Wavefunction tutorial

Requirements

Software components

  • nanotools

  • RESCU+

Pseudopotentials

I will need the following pseudopotentials.

  • C_AtomicData.mat

Let’s copy them from the pseudo database to the current working directory and export RESCUPLUS_PSEUDO=$PWD.

Briefing

In this tutorial, I show how to calculate the real space wavefunctions of graphene at a few k-points.

Setup

Create the Python script etot.py with the following content (see the tutorial on TotalEnergy)
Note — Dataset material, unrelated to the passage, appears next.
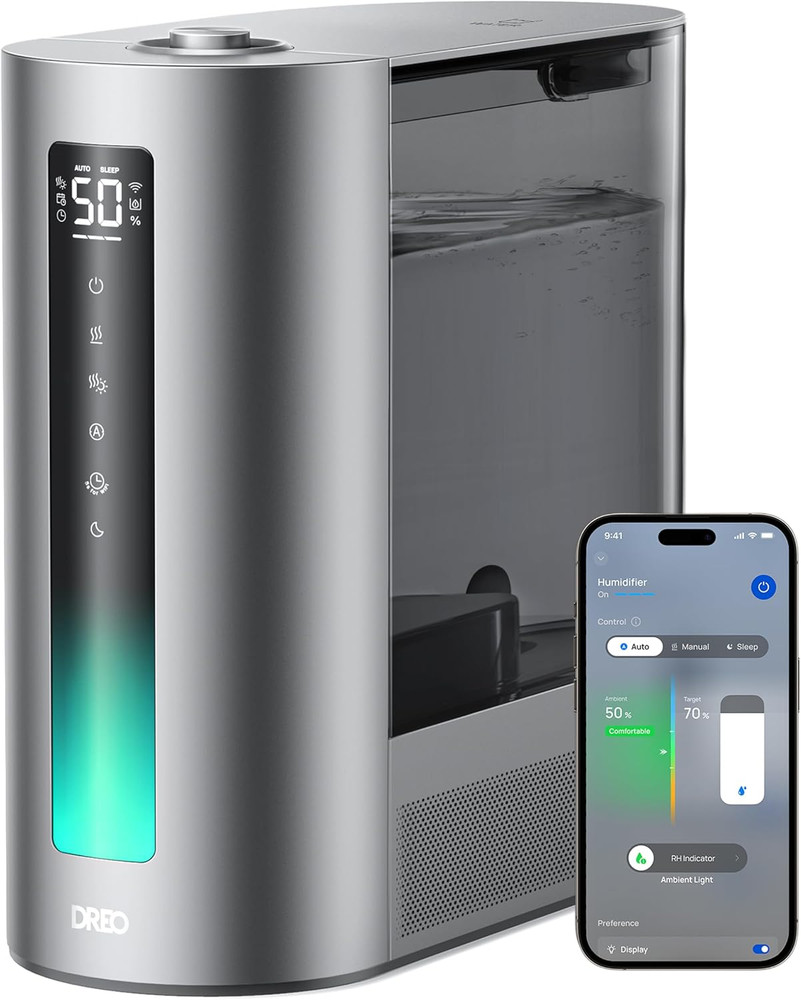 6L Smart Warm & Cool Mist Humidifiers for Bedroom HM713S | 60-Hour Quiet Runtime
from nanotools import Atoms, Cell, System, TotalEnergy
import numpy as np
a = 2.46 # lattice constant (ang)
avec = [
[.5*a, np.sqrt(3)/2*a, 0.],
[.5*a,-np.sqrt(3)/2*a, 0.],
[0.,0.,10.583544213400000],
]
cell = Cell(avec=avec, resolution=0.12)
fxyz = [[2/3, 1/3, 0.5],[1/3, 2/3, 0.5]]
atoms = Atoms(fractional_positions=fxyz, formula="CC")
sys = System(cell=cell, atoms=atoms)
sys.kpoint.set_grid([15,15,1])
calc = TotalEnergy(sys)
calc.solve()

and wvf.py

from nanotools import Wavefunction as WF
import numpy as np
calc = WF.from_totalenergy("nano_scf_out.json")
calc.system.kpoint.set_grid([4,4,1], shift = [.5, .5, 0.])
calc.solve()

Explanations

Here is a high level view of the calculation workflow:

  1. Initialize the Wavefunction calculator from a ground state calculation (TotalEnergy).

  2. Perform a wavefunction calculation (non-self-consistently) for a given set of k-points and compute the wavefunction.
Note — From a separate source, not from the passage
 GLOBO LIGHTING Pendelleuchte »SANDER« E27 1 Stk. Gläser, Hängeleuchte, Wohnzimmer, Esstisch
Initialize the Wavefunction calculator

Upon completing the total energy calculation, the results are saved in nano_scf_out.json. I will initialize a Wavefunction calculator using the class method from_totalenergy.
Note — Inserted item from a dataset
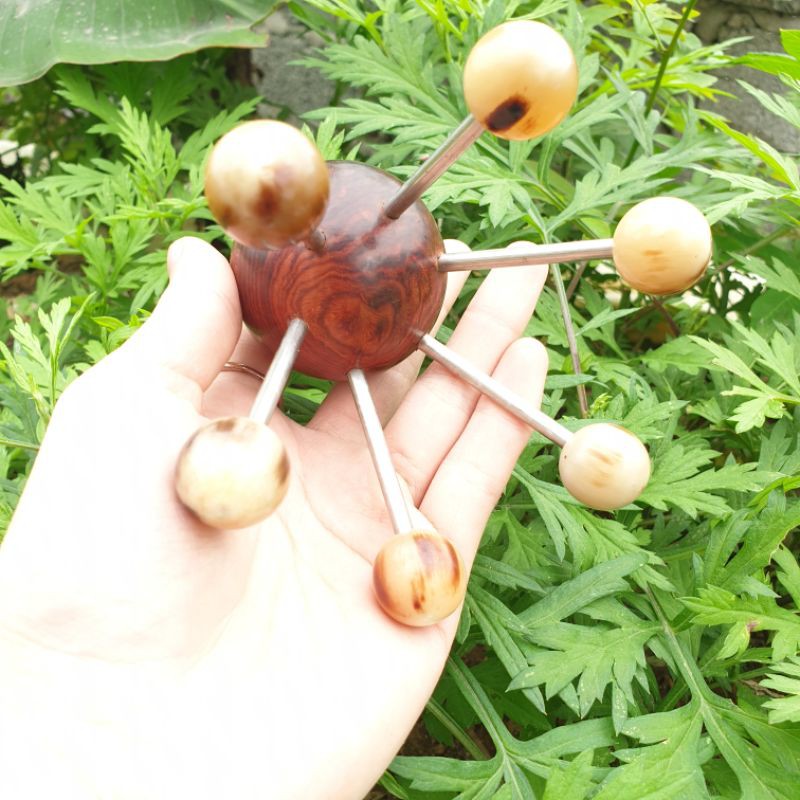 nhện đa năng sừng lớn ( bi to gỗ cẩm,6 bi nhỏ sừng)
calc = WF.from_totalenergy("nano_scf_out.json")
calc.system.kpoint.set_grid([4,4,1], shift = [.5, .5, 0.])
calc.solve()

The method from_totalenergy will copy the system information and initialize the Wavefunction calculator. I then set the k-point to a \(4\times 4\times 1\) grid. Alternatively, I can directly set the k-point coordinates for which I want the real space wavefunctions calling set_fractional_coordinates from the Kpoint class.

Wavefunction calculation

RESCU+’s solvers are invoked calling the solve method

calc.solve()

The method writes all parameters to a JSON file, then calls the relevant (Fortran) program, then loads the data back into the calculator. The output of rescuplus goes to nano_wvf_out.h5 and nano_wvf_out.json. As other real space data, the local DOSes are stored in nano_wvf_out.h5 similarly with density, i.e. under /wavefunctions/#/field where # is an index running over all k-points. If spin is accounted for, then the paths to the spin-up and spin-down wavefunctions are /wavefunctions/spin-up/#/field and /wavefunctions/spin-down/#/field respectively. Besides, the k-point fractional coordinates and grid information are found in /wavefunctions/#/kpoint and /wavefunctions/#/cell.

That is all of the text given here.